In fairness, Governor O'Malley has gone to the Board of Public Works again and again to secure program cuts, and he offers more in this proposal. He has furloughed state employees repeatedly, eliminated some 3,500 positions - about 400 of which were filled - closed state hospitals, cut aid to local governments and private colleges and reduced Medicaid payments to hospitals. How is it that he still hasn't solved the problem for good?
The answer is that too many of the solutions he has employed are one-time tactics, not long-term fixes. For example, the governor saves $330 million in the fiscal 2011 budget by keeping most aid to local governments funded at the already-reduced level they are at now. But in subsequent years, that aid is expected to grow by 5.9 percent a year. He saves $78 million through continuations of employee furloughs, but that isn't a permanent solution either.

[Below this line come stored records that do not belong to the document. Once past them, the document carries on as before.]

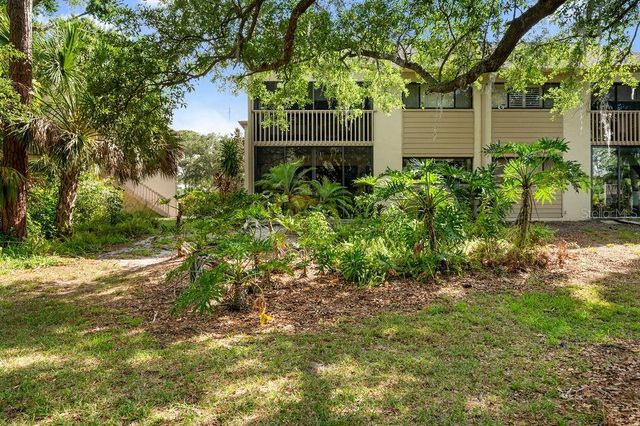 5146 HARPERS CROFT 13, Sarasota, FL 34235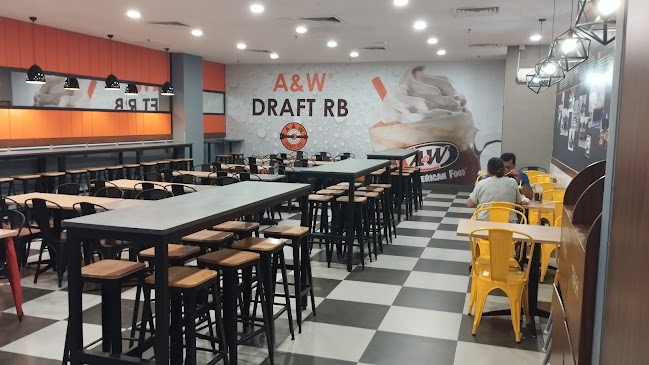 Opinii despre A&W 1st Avenue în George Town - Gastronomi dan perhotelan
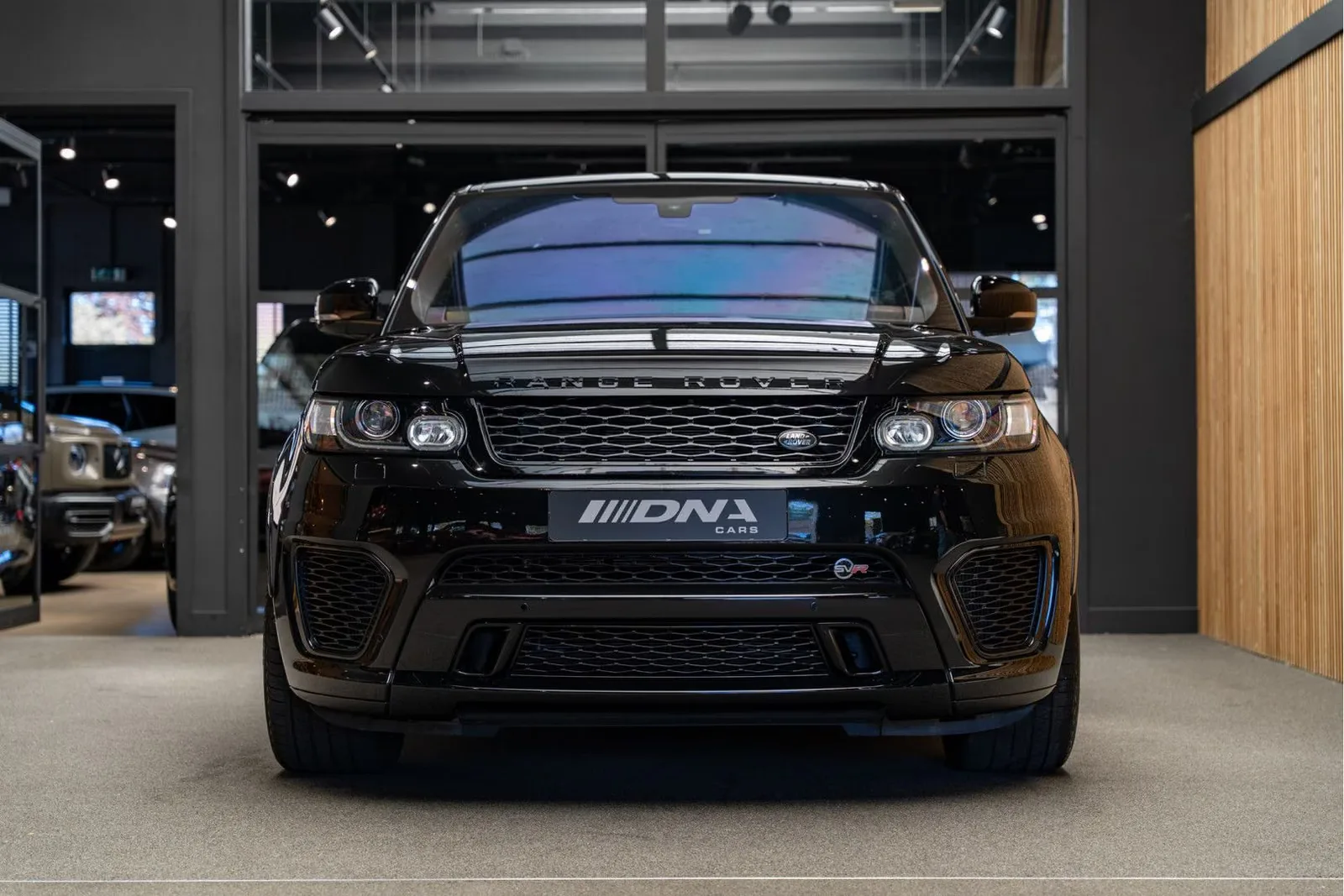 2016 Land Rover Range Rover Sport SVR, 2/30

Republicans are criticizing this budget as a mere bridge to tax increases after the 2010 election. Their criticism rings a bit hollow, since they have offered few concrete ideas for reducing spending and, in fact, the last budget many of them supported was Mr. Ehrlich's fiscal 2007 proposal, which included the largest single-year spending increase in decades. Still, what comes next is a fair question, and the O'Malley administration hasn't said much about finding a way to fix the structural gap in the state budget.
It will certainly be tempting for Mr. O'Malley's fellow Democrats in Maryland's General Assembly to accept the governor's accounting gimmicks and hope for the best in the 2010 election, but it should be clear to them that Maryland's current tax revenues can't support our present level of spending and won't be able to any time in the near future. It is past time to look at the state government and decide what we can live without. Every program has a constituency, but some are more deserving than others, and we elect our legislators to make those decisions. Governor O'Malley has been given an extremely difficult hand to play, and an argument can be made that his strategy of using transfers and one-time fixes is better than cutting services. But it can't last forever. Maryland's long-term budget outlook is uglier than it has ever been, and kicking the problems down the road is only going to make them worse.
Readers respond
Transfers and one-time fixes can't last forever, but neither can the recession and depressed state revenues.
Governor O'Malley is doing the fiscally and socially responsible thing: cut where you can, as he has repeatedly, but for as long as possible avoid destroying the infrastructure of core programs and investments that have made Maryland a great place to live. Once the infrastructure is gone, rebuilding may prove impossible.